Honda’s 125cc machines of the early ’90s were built for speed, but Honda was under intense pressure from its competition. The 1995 CR125 had lackluster bottom-end power but a hard-hitting midrange and decent rev on top. By 1995 it was an engine that had grown long in the tooth, as it had been virtually unchanged for half a decade. It may have been on its last legs as a race engine, but it was still a bike that could be made to work in the hands of talented racers—evidenced by the fact that Doug Henry and Steve Lamson dominated the 125cc AMA National Championship from 1993 to 1996 on their factory-prepped CR125s. The engine could be made to work, even 21 years later, but could we fix the rest of the ancient warrior?
UNDER FEDERAL LAW, A MANUFACTURER ONLY HAS TO KEEP PARTS IN STOCK FOR A DISCONTINUED MODEL FOR SIX YEARS. THIS IS UNFORTUNATE FOR EVERY BIKE RESTORER, BECAUSE MANY MUCH-NEEDED PARTS ARE NOT AVAILABLE ANYMORE—AND THE AFTERMARKET IS NOT RUSHING TO BUILD NEW PARTS FOR 22-YEAR-OLD MACHINES.
Our CR125 had been sitting idle. The engine needed a total update, and the suspension was grim. Step one was to tear it down and thoroughly inspect every bolt, bearing, nut, seal and widget. We stripped it to the frame, split the cases and searched for modern replacement parts. The frame was in good shape, so we spent some time roughing up the paint before sending it to San Diego Power Coating to get a fresh coat of white paint electrostatically applied.

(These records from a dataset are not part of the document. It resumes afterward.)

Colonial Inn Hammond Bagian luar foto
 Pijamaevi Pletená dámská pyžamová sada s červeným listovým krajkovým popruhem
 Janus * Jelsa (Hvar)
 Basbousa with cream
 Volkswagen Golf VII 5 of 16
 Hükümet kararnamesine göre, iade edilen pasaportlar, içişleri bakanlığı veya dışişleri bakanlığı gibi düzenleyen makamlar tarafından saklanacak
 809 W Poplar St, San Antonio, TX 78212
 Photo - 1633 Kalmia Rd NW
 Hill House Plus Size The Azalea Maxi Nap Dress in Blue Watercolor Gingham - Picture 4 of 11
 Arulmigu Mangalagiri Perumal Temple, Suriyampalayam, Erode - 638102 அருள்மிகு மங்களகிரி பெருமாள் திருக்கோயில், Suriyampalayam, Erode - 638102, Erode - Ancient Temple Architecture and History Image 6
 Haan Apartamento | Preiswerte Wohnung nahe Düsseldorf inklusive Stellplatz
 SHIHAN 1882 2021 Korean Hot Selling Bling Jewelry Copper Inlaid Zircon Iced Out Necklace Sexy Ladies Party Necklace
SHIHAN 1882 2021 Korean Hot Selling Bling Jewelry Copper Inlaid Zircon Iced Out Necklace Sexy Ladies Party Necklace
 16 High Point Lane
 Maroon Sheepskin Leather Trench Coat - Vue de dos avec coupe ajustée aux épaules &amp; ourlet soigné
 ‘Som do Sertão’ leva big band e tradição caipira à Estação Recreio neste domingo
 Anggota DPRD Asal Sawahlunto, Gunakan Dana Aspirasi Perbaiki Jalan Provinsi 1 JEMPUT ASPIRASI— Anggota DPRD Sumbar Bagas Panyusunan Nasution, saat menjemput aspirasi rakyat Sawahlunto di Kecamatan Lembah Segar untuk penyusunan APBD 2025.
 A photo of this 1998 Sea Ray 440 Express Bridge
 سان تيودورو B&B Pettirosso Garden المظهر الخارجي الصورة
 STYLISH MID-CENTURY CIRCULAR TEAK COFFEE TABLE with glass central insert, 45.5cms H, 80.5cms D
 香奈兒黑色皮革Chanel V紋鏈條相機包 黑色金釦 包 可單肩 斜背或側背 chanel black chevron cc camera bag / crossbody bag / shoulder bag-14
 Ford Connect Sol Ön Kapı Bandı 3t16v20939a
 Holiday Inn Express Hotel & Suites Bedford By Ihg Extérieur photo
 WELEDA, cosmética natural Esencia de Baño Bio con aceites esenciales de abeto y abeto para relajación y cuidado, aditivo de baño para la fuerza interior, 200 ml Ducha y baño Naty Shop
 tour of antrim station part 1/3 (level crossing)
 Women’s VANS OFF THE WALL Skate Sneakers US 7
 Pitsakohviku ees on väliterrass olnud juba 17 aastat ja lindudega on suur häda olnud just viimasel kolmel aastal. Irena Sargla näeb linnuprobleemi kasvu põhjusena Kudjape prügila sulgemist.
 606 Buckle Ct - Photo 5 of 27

We didn’t want to leave anything to chance on the engine, so we set out to replace all the important parts without busting the bank. Luckily, Wrench Rabbit makes a complete rebuild kit that includes all the parts you need to get an old steed up and running again. Wrench Rabbit’s CR125 kit included the crankshaft, main bearings, piston, rings, transmission bearings and all the gaskets necessary to make the engine new again. Best of all, it came in one box—no need to chase after individual part numbers.
Under federal law, a manufacturer only has to keep parts in stock for a discontinued model for six years. This is unfortunate for every bike restorer, because many much-needed parts are not available anymore—and the aftermarket is not rushing to build new parts for 21-year-old machines. In our case, the stock 1995 cylinder was thrashed. We searched for used cylinders, but it was hard to find anything of quality. From looking at the bore, we assumed that our cylinder wasn’t salvageable, but we sent it to Millennium Technology to be evaluated. As luck would have it, Millennium was able to re-plate our CR125 cylinder and work magic on the cylinder head. They saved our bacon.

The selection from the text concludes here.